TASK INSTRUCTIONS
Copy the records below exactly, starting at the line that contains "Pep Guardiola chỉ" and ending at the line that contains "2001 Mazda NB MX-5 Miata - Image 2 of 18"; leave out any pictures.

TASK INPUT
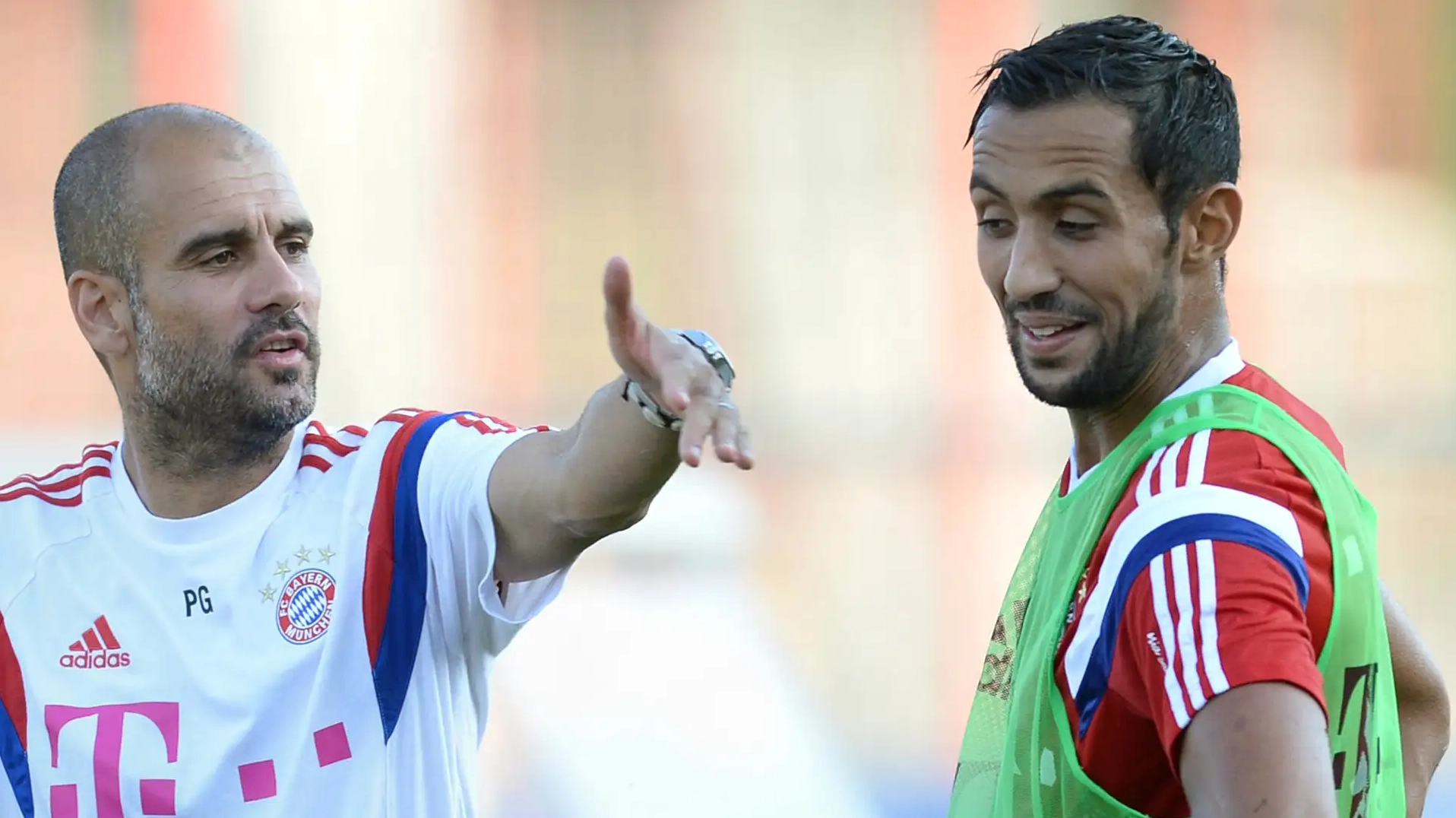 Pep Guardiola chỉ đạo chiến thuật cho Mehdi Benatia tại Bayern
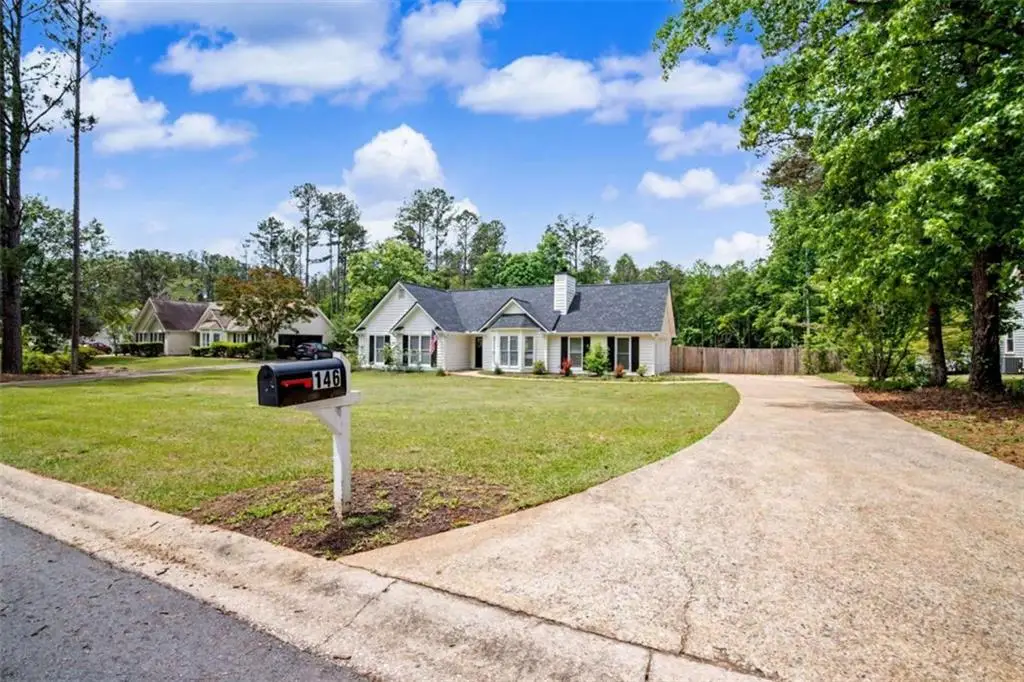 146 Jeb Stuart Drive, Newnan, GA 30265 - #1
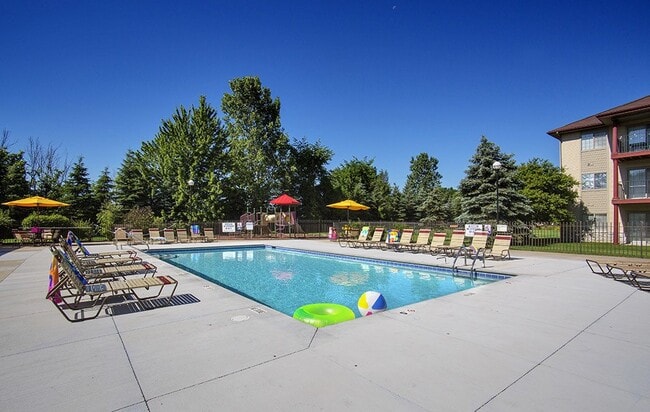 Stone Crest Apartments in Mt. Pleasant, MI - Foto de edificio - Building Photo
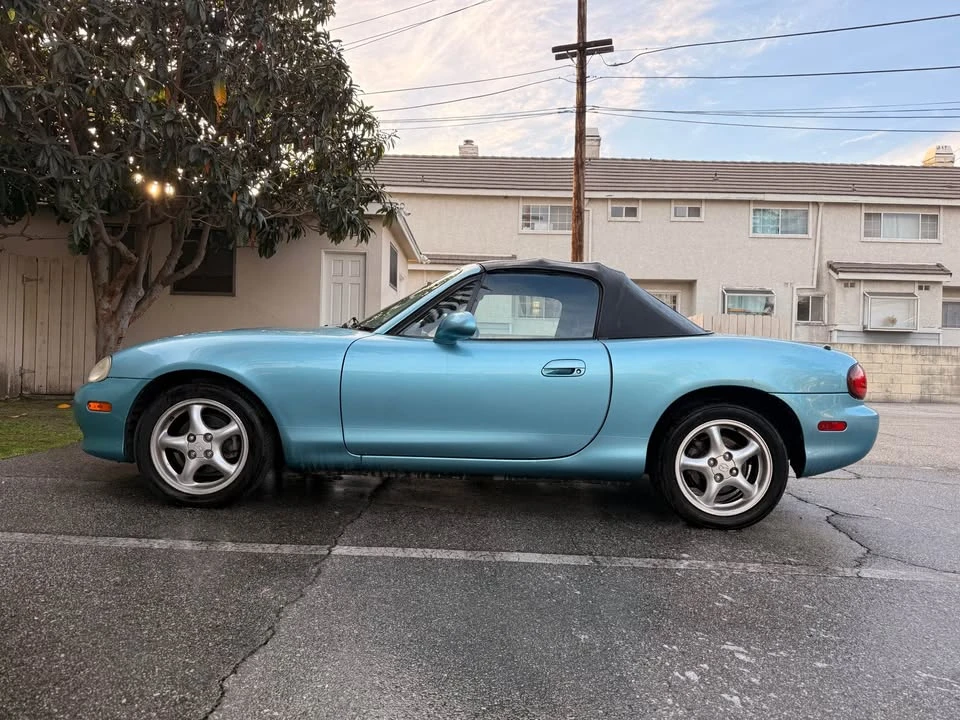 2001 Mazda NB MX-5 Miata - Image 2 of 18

* * *

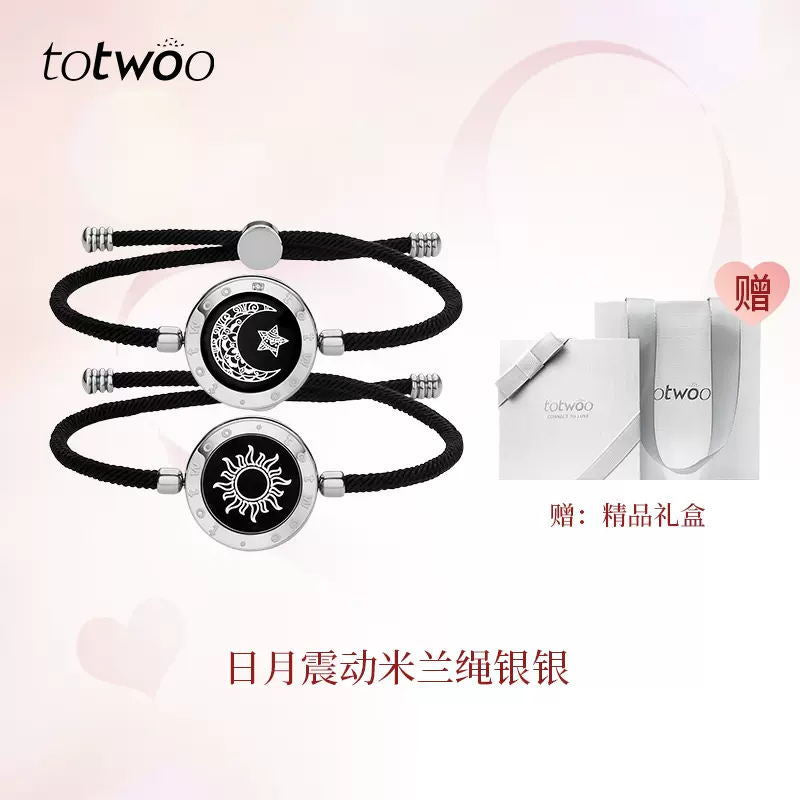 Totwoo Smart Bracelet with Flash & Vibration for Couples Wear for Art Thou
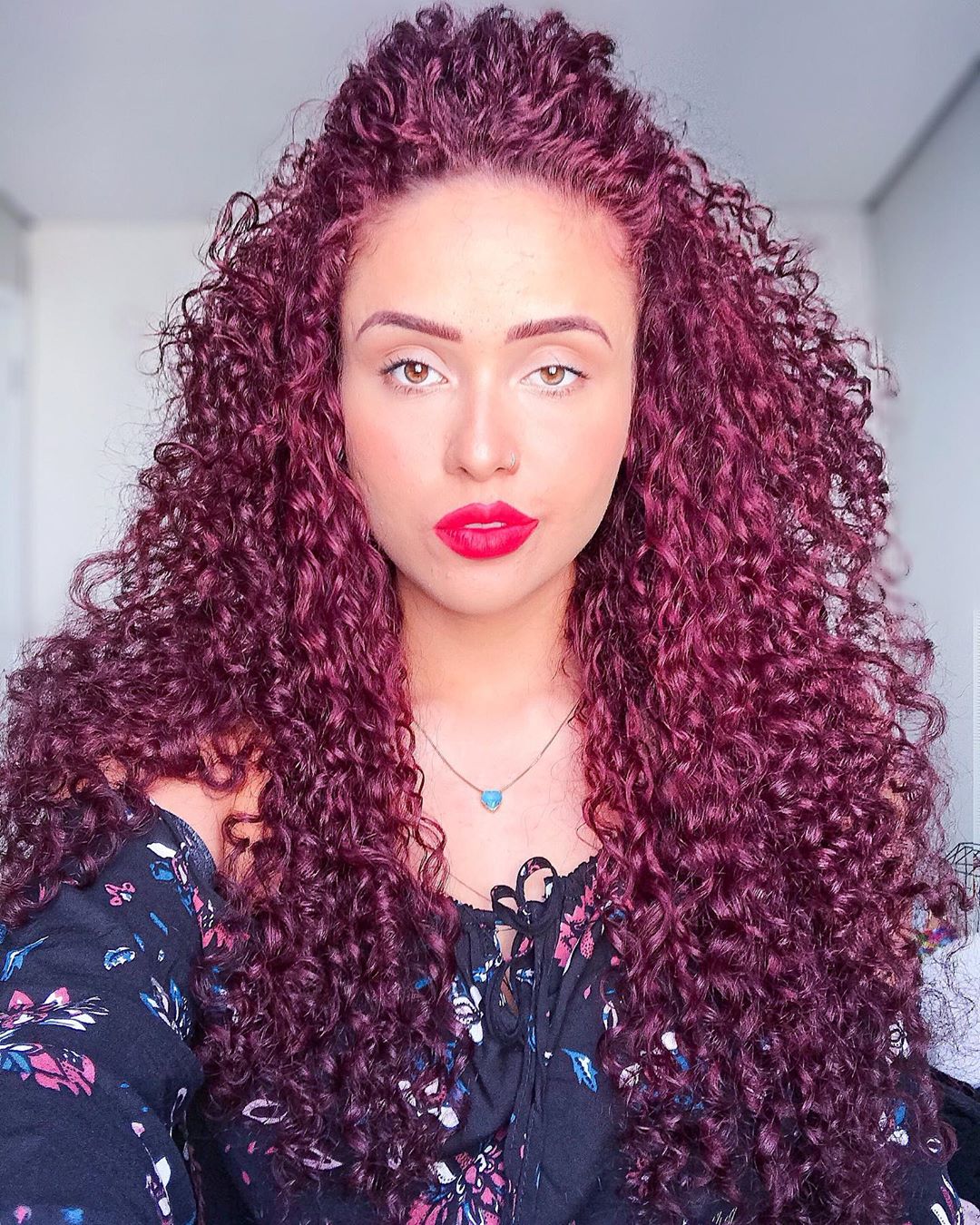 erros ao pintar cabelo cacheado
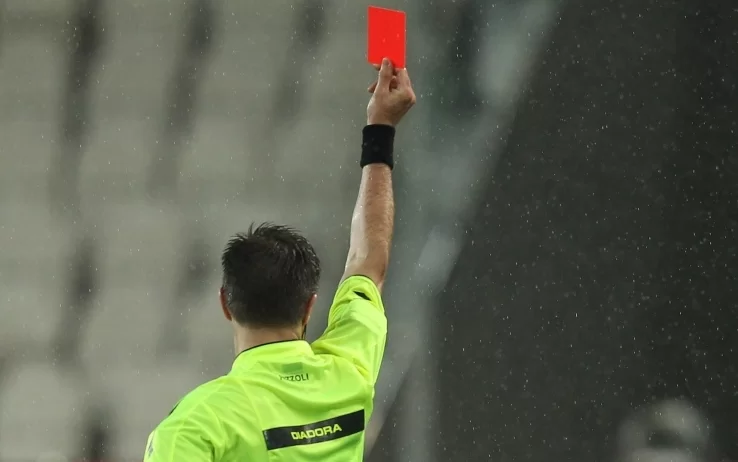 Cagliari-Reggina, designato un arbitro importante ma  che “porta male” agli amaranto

RESPONSE AREA
 Pep Guardiola chỉ đạo chiến thuật cho Mehdi Benatia tại Bayern
 146 Jeb Stuart Drive, Newnan, GA 30265 - #1
 Stone Crest Apartments in Mt. Pleasant, MI - Foto de edificio - Building Photo
 2001 Mazda NB MX-5 Miata - Image 2 of 18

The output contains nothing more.